At that point, it’s not out of the box thinking to try and “match wits” with a foe, Sherlock Holmes style. Not just because matching wits with a serial killer is often a fruitless endeavour, since they rarely have any, they just get lucky. No, trying out strange ways of bringing down a serial killer is less the work of maverick detectives going against the grain and more throwing anything at the wall in a panicked attempt to stop people from dying.
Before you start believing that the cops are the noble force that TV and films want you to believe they are, this is oftentimes more motivated by getting rid of negative press than actually preventing deaths in their community. After all, serial killers are pretty much always allowed to be as prolific as they are because cops can’t be fucked to investigate reports made by women. However, I’m not sure you can do the right thing for the wrong reasons, and if something does help put a man like Dennis Rader behind bars, I’m all for it, whatever the ulterior motive.
Because Dennis Rader is the kind of person who shows that there really isn’t any such thing as inhumanly evil. Humans are capable of the worst acts that anyone can imagine, and Rader ran the gamut of those acts over multiple decades of activity in Wichita, Kansas. Gaining the nickname the BTK killer for his methodical, almost identical method of murdering ten people over that time. Binding them. Torturing them. Killing them.
If you were put in charge of bringing him in, you’d try some weird shit too.

How was the BTK killer caught?
People got especially desperate to bring Rader in because for decades, his case was a cold case.

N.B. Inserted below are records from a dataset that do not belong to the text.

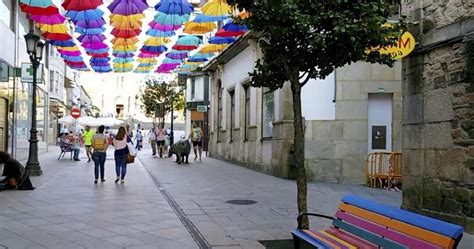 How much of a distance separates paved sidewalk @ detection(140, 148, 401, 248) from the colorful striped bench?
1.58m

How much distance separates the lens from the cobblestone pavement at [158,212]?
715cm

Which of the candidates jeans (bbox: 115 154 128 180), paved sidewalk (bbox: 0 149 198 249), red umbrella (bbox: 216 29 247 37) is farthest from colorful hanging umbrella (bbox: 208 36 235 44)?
paved sidewalk (bbox: 0 149 198 249)

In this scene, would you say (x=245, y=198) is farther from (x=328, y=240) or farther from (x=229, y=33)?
(x=229, y=33)

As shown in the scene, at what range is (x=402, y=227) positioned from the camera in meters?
4.49

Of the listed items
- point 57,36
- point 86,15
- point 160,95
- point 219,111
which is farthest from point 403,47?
point 160,95

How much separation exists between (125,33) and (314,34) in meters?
14.7

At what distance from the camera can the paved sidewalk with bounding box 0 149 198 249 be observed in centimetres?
699

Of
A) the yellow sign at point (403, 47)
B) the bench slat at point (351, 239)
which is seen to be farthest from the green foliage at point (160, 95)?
the bench slat at point (351, 239)

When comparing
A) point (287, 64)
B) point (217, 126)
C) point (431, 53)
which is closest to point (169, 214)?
point (287, 64)

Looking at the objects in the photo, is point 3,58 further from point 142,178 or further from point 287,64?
point 287,64

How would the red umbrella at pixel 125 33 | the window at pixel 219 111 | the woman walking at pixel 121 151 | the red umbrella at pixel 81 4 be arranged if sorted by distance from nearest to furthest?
the woman walking at pixel 121 151, the red umbrella at pixel 81 4, the red umbrella at pixel 125 33, the window at pixel 219 111

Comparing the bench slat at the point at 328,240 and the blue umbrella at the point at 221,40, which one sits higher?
the blue umbrella at the point at 221,40

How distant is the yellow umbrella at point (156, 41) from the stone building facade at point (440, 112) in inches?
541

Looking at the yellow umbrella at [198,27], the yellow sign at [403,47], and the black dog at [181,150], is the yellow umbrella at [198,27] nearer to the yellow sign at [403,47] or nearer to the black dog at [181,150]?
the black dog at [181,150] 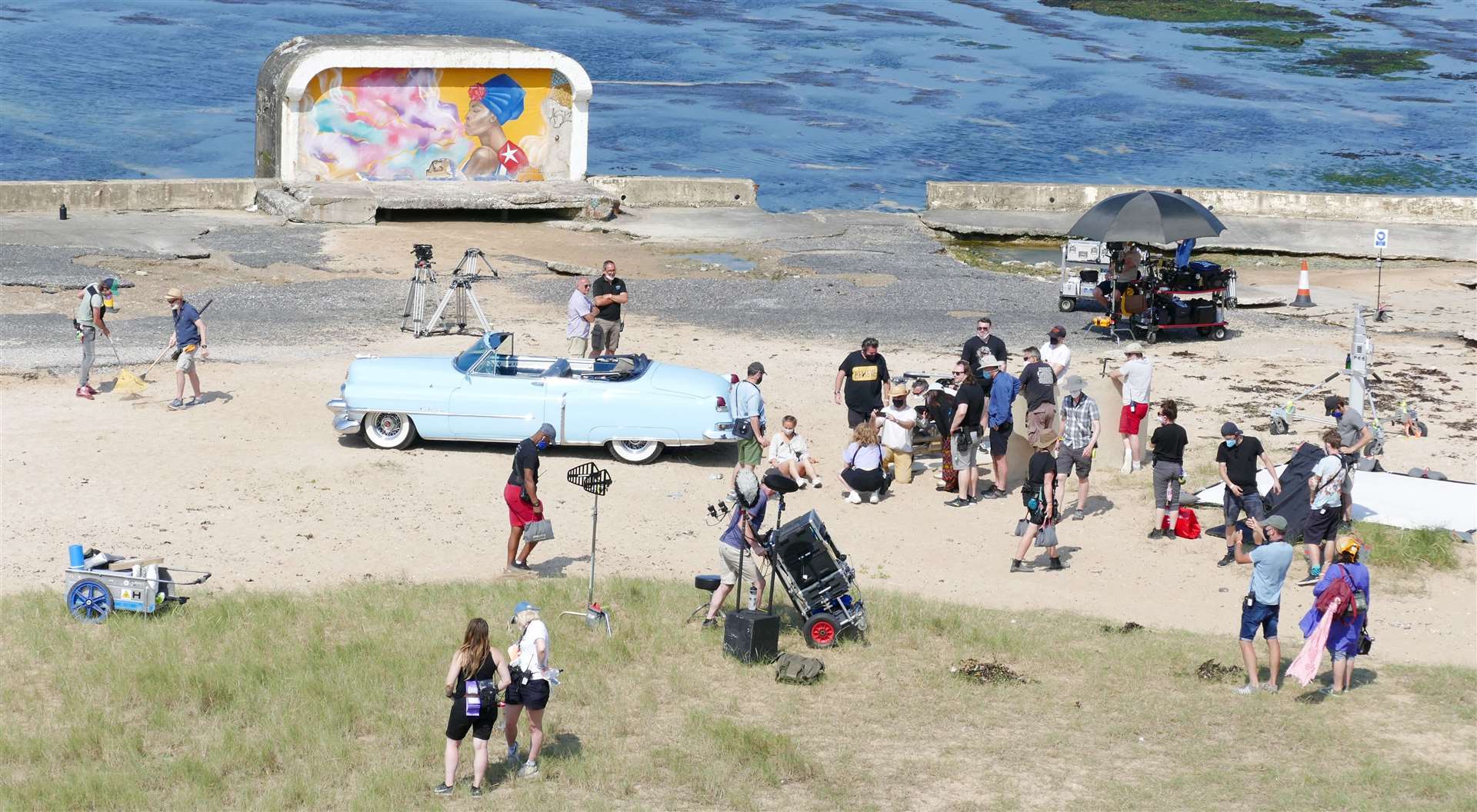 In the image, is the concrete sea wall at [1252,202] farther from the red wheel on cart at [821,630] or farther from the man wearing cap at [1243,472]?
the red wheel on cart at [821,630]

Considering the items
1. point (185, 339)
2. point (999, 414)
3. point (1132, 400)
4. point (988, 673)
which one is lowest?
point (988, 673)

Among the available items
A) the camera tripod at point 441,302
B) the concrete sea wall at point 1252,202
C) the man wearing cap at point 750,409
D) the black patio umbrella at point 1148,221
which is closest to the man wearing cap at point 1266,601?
the man wearing cap at point 750,409

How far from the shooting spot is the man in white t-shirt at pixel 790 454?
57.1 ft

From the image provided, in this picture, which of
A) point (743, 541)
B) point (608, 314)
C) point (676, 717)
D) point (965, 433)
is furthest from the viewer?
point (608, 314)

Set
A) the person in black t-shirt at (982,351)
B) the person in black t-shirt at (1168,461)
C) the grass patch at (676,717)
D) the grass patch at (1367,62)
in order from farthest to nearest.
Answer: the grass patch at (1367,62) < the person in black t-shirt at (982,351) < the person in black t-shirt at (1168,461) < the grass patch at (676,717)

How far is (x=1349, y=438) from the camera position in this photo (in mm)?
15602

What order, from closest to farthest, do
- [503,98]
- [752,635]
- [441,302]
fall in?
[752,635] → [441,302] → [503,98]

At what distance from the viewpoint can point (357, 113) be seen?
34000 millimetres

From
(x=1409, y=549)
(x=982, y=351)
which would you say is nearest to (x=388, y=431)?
(x=982, y=351)

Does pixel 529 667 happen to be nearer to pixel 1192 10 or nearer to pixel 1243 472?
pixel 1243 472

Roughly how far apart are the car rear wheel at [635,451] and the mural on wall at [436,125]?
17.9 m

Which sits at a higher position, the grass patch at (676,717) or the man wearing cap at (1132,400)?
the man wearing cap at (1132,400)

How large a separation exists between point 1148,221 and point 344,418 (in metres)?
12.0

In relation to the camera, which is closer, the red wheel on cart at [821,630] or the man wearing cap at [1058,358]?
the red wheel on cart at [821,630]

From 1974 to 1979, Rader took credit for his murders, making sure that no one else went down for them and sending letters to the police and to the press filled with details that only the perpetrator would know about the killings. This turned the cases into a media frenzy, with people desperate for answers from the Wichita police about why they weren’t able to catch this person taunting them, Zodiac-style.
In 1978, close analysis of Rader’s letters showed that whoever the BTK killer was, he watched the TV station KAKE-TV, a Kansas mainstay for decades. Thus, permission was granted for a stunt that had never been tried before. A subliminal message was planted in one evening’s KAKE-TV news broadcast as a way of convincing the killer to turn himself in. For barely half a second, a screen was inserted into the station’s news broadcast that was a direct message to the killer.
It was a white frame with the words “Now call the chief” written in the top left-hand corner above a pair of upside-down glasses that were found at one of the BTK crime scenes. Police had hoped this would unconsciously convince the perpetrator that they had figured out his identity and were coming for him, thus he should turn himself in beforehand, but it was unsuccessful. No one called about the frame. It’s unlikely Rader even saw it.
Rader was eventually caught, but not until 2005. Had he not decided to begin messing with the police again with technology he didn’t fully understand, he would have gotten away with it scot-free.